Ich will diese Männer kaltmachen, will die Schabe zertreten und den Toten ganz begraben. Doch der ist gar nicht tot, der sieht nur so aus, steht jetzt auf und holt seinen Schwanz raus. Mir wird immer komischer. Die unheimliche, große Gestalt stellt sich hinter Maude, grinst, sie züngelt an seinem steifen Glied, den Kopf in den Nacken geworfen. Er packt sie an den Haaren und gibt ihr eine Ohrfeige, noch eine, sein Blick hat etwas Irres. Sie lacht. Mir wird schlecht vor Aufregung. Es ist wie bei einem Unfall, ich fahre daran vorbei mit dem Wunsch, das, was da geschieht, schnell zu passieren, werde aber langsamer, muss alles sehen, auch wenn ich weiß, dass es sich mir auf immer einbrennen wird. Nein, ich will das alles nicht sehen, aber irgendetwas in mir zwingt mich dazu. Die Bilder verschwimmen.

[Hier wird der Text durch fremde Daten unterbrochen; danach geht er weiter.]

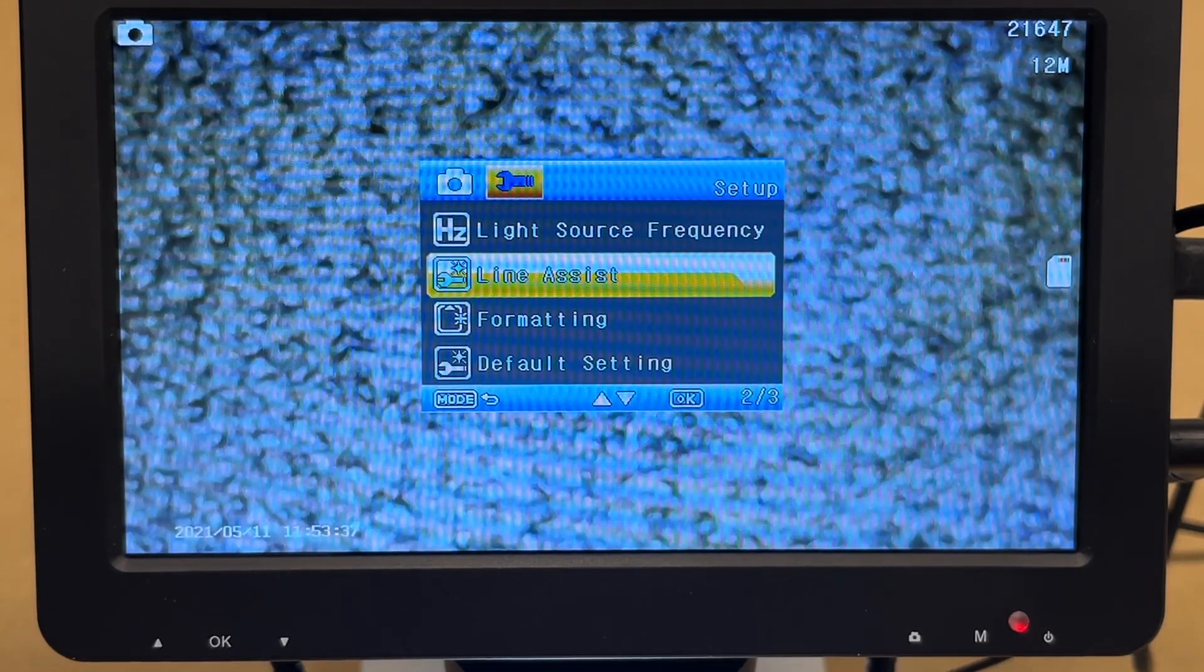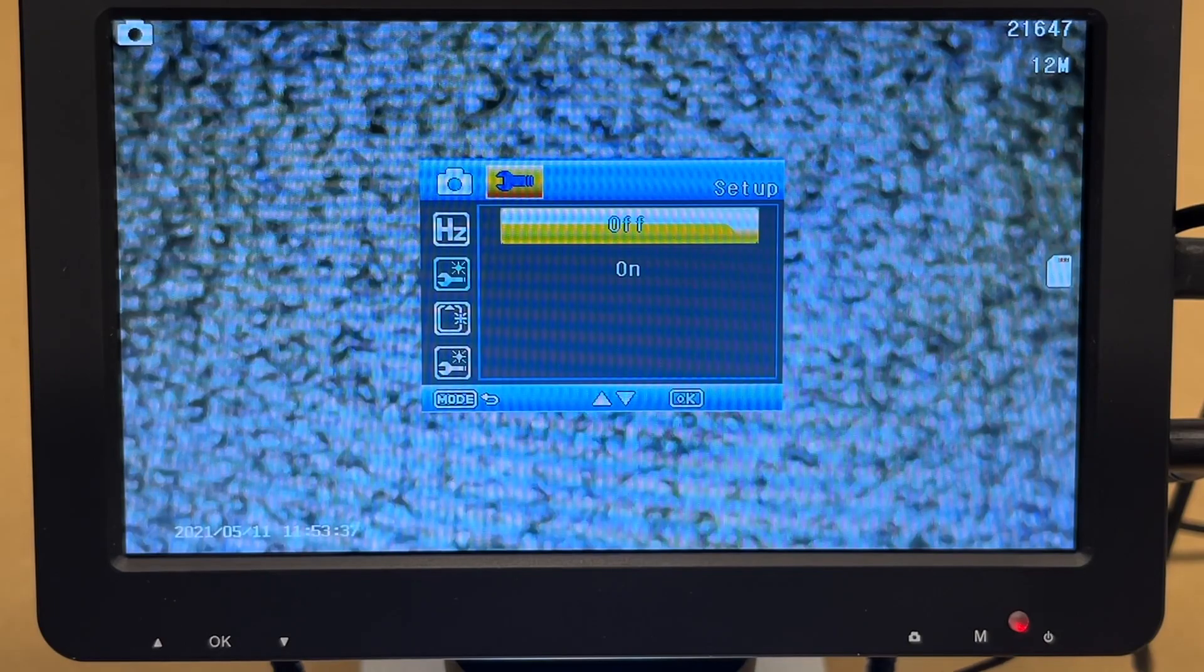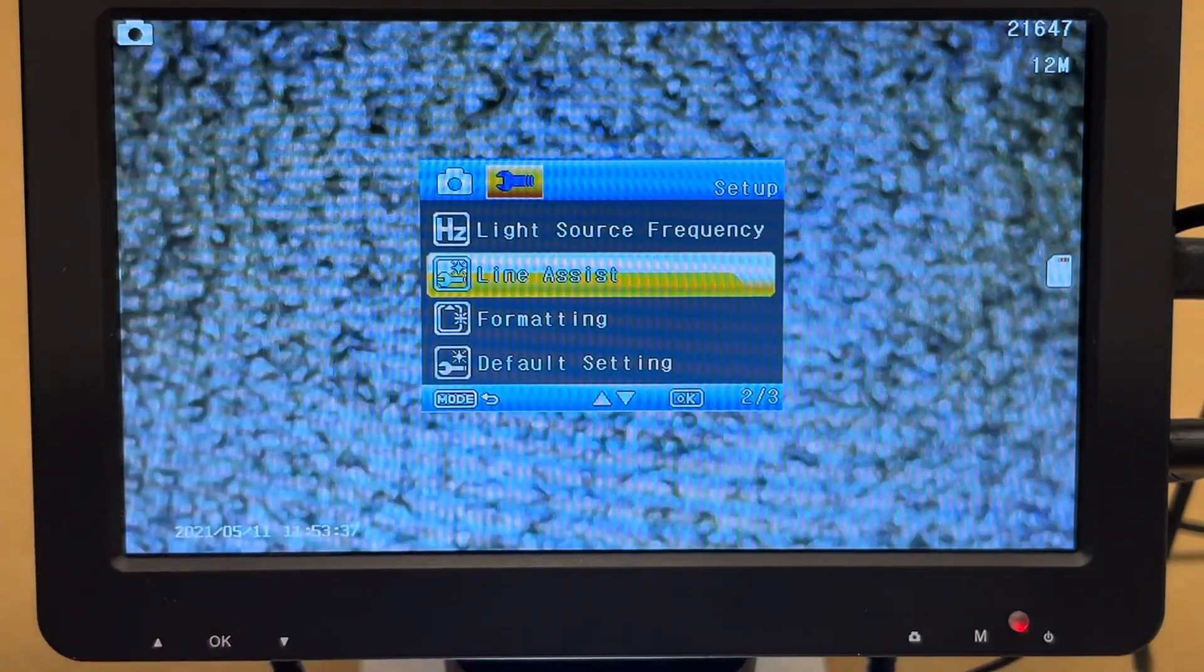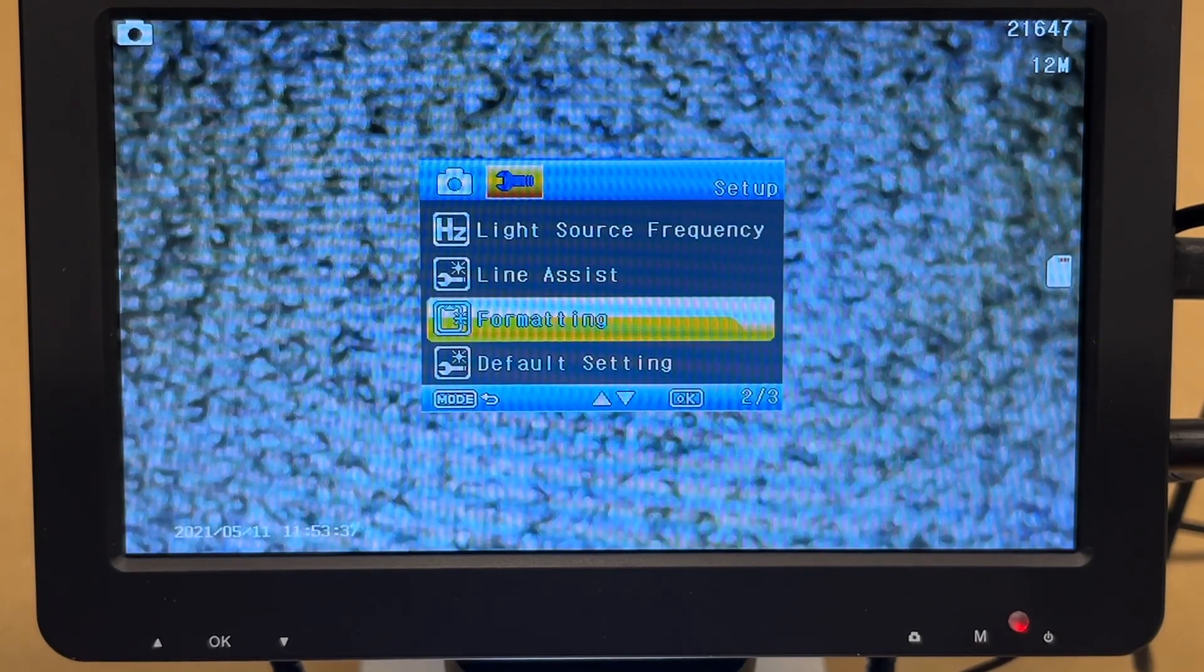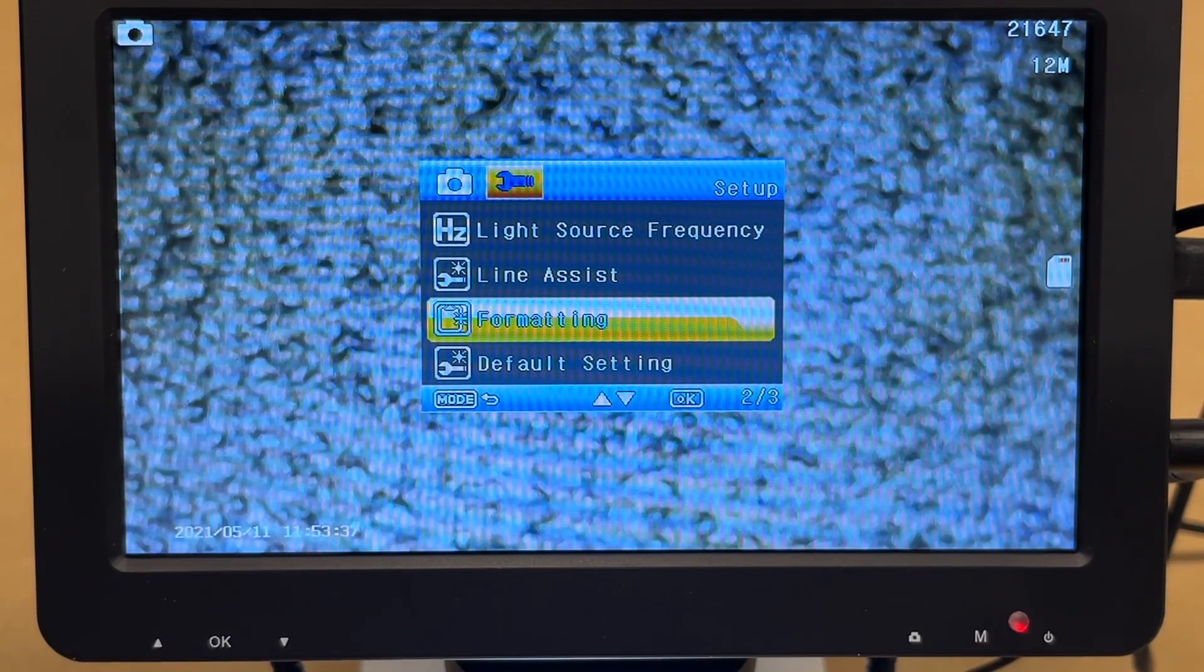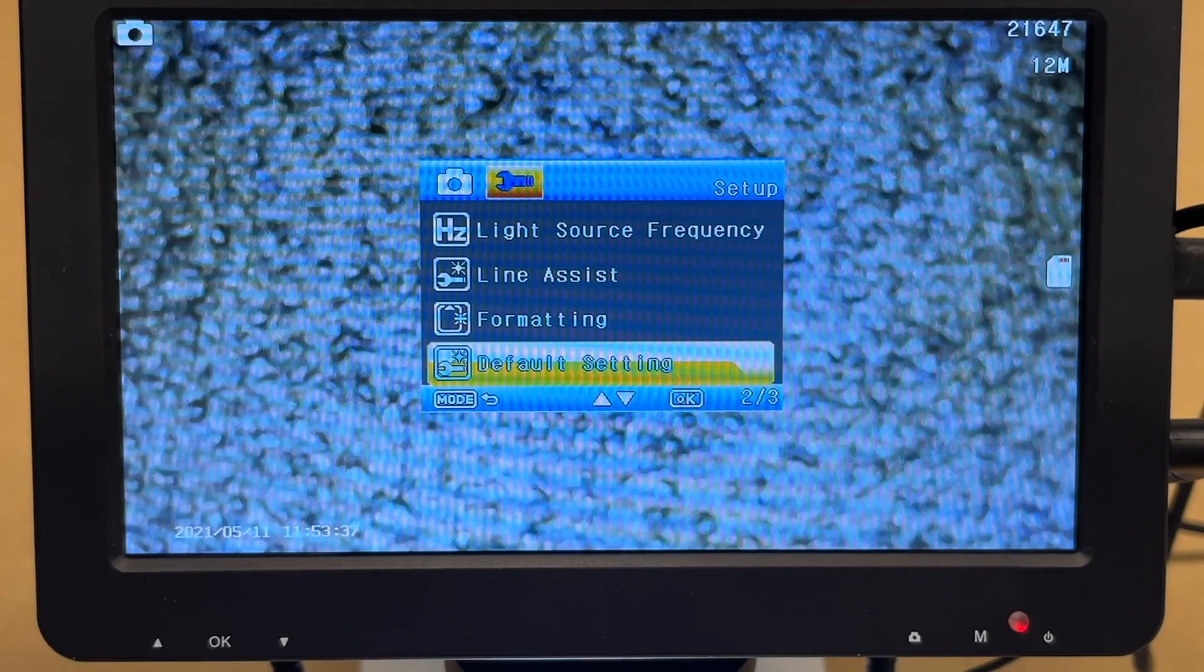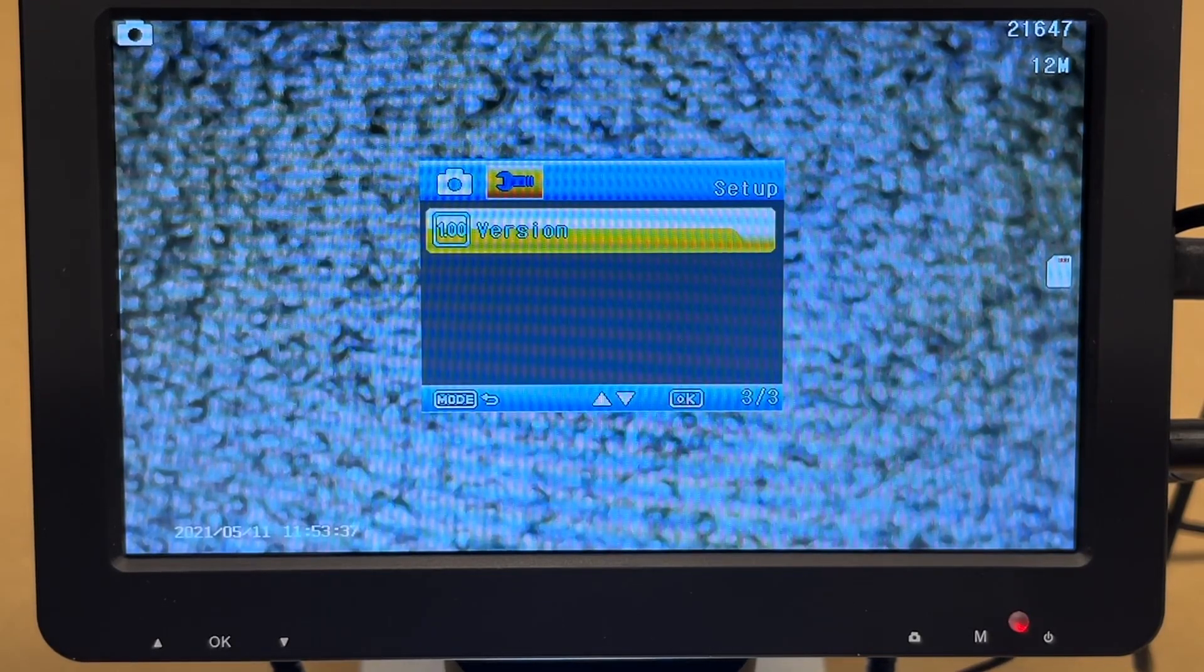Line assist. So this will add some little lines on the screen. You can just turn that on or off. So we'll add a horizontal and vertical line. Formatting. So this will format the card inside. So if you put a new card in, it's not a bad idea to format it. So I have inserted a micro SD card. Default setting. Don't want to do that. That'll reset to defaults. And then we have the version information.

Sie ähnelt Hedy so sehr, nicht nur in ihrem Aussehen, auch in der Art, wie sie sich bewegt. Hedy. Ich bemerke die Tränen in meinen Augen. Die Luft bleibt mir weg, ein Schmerz drückt auf die Brust, es pocht hinten in meinem Kopf. Ich fühle mich ganz taub, das kenne ich schon. Es durchfährt mich immer wieder seitdem, ich werde es nicht los. Fast sehne ich mich danach. Weil es sie mir für einen Augenblick vergegenwärtigt. Hedy! Dann ist sie wieder verschwunden.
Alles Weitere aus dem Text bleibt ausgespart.